The biggest threat to reforms in India is an unstable government at the Centre after 2014 elections, Finance Minister P Chidambaram said on Wednesday reaffirming government's commitment to reforms and confidence about passage of pension and insurance bills in Parliament's Budget session beginning next month.

‘Behind the noise’ there were quiet negotiations with the Opposition parties and support from them on these legislations, according to a note by Bank of America Merrill Lynch, who co-hosted an investor conference with DBS.

Addressing over 300 city-based FIIs, debt investors and corporates, Chidambaram, who is on the second leg of his east Asia tour wooing foreign investment, said the goods and service tax (GST) regime is a major reform and hoped that the legislation would be approved by Parliament in the winter session in December this year.

He acknowledged that the GST Bill was unlikely to be passed by April 2013 but hoped to introduce in the monsoon session and get it passed in the winter session of Parliament based on a consensus with states.

While efforts would be made to widen the tax base, Chidambaram expects the government revenues to rise by 20 per cent every year though not by raising rates but by through stable tax regime, non-adversial compliance and fair dispute mechanism.

He said the fiscal target in 2012-13 would be maintained at 5.3 per cent of the GDP which would be achieved through cost cuts and austerity measures.

The Finance Minister promised a 0.6 per cent reduction in the fiscal deficit every year to bring the deficit to 3 per cent by 2016-17 without raising tax rates.

He expected the GDP growth rate to be 5.7 per cent this year and around 6-7 per cent in 2013-14 and 8 per cent in 2014-15.

Chidambaram said the newly formed Cabinet Committee on Investments (CCI) would speed up project approvals.
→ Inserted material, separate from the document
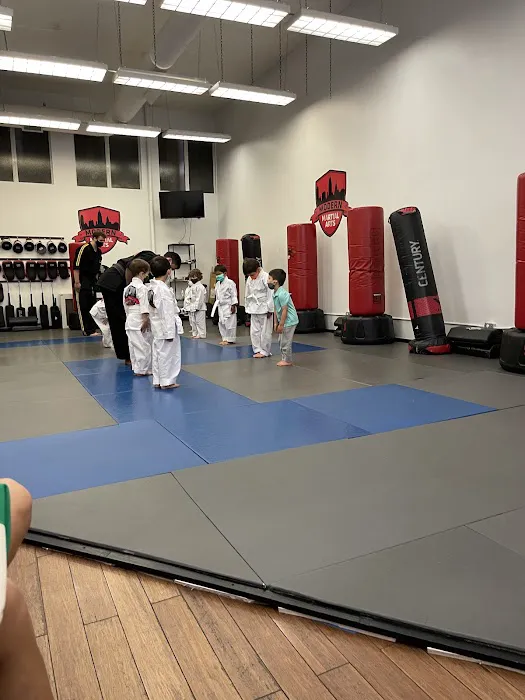 Modern Martial Arts Tribeca Picture 3
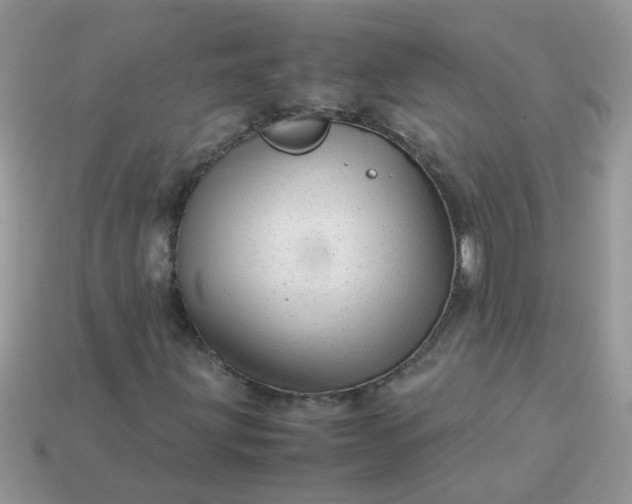 X0000113041203200909101911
The CCI would for the first time meet before end of this month in which clearances to 47 oil and gas blocks would be considered.

The next meeting would take up coal and other minerals, he said, adding the process would speed up removal of inter-ministerial disputes which hamper implementation of projects.
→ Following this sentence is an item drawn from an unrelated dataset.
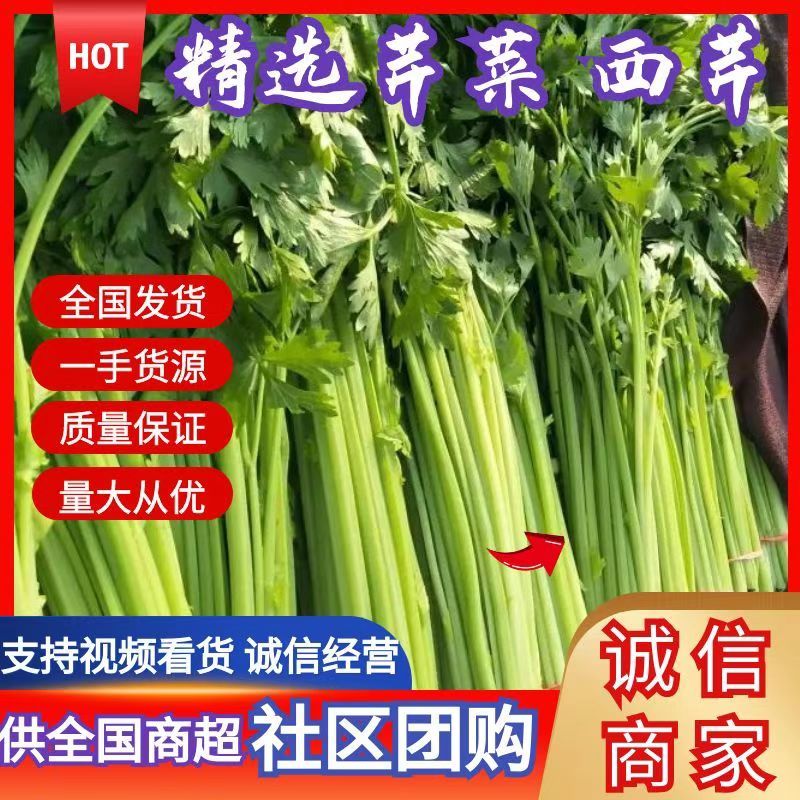 山东泰安精品芹菜西芹香芹大量上市，质量好，无黄叶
The Minister further said that take-out financing by Infrastructure Development Funds (IDFs) would free bank finances and encourage them provide money for fresh projects.

Referring to the issue of General Anti Avoidance Rules (GAAR), Chidambaram said most of the issues have already been sorted out. The Minister has earlier said that ‘ghost’ of GAAR had been ‘buried’.
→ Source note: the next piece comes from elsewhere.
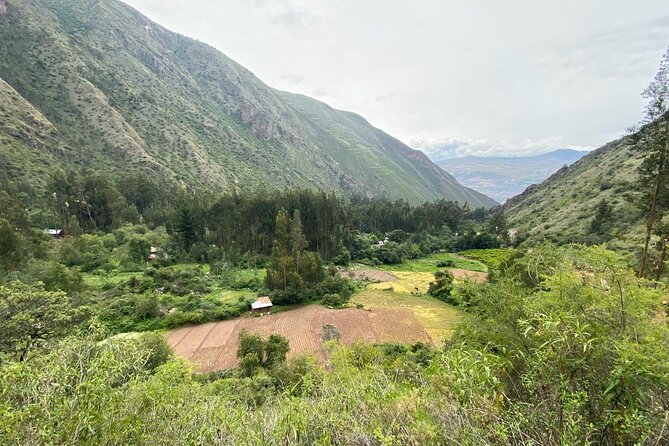 Family Trek With Llamas (Full Day) - Requirements and Recommendations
Noting that rising Current Account Deficit (CAD), which reflects the difference between inflow and outflow of foreign exchange, was a ‘tricky’ issue, the Minister said it would be curtailed in the near term.

He also expressed the confidence that India would be able to bridge the gap through capital flows.

On the issue of disinvestment, Chidambaram said the government has drawn a time-table to achieve the target of Rs 30,000 crore.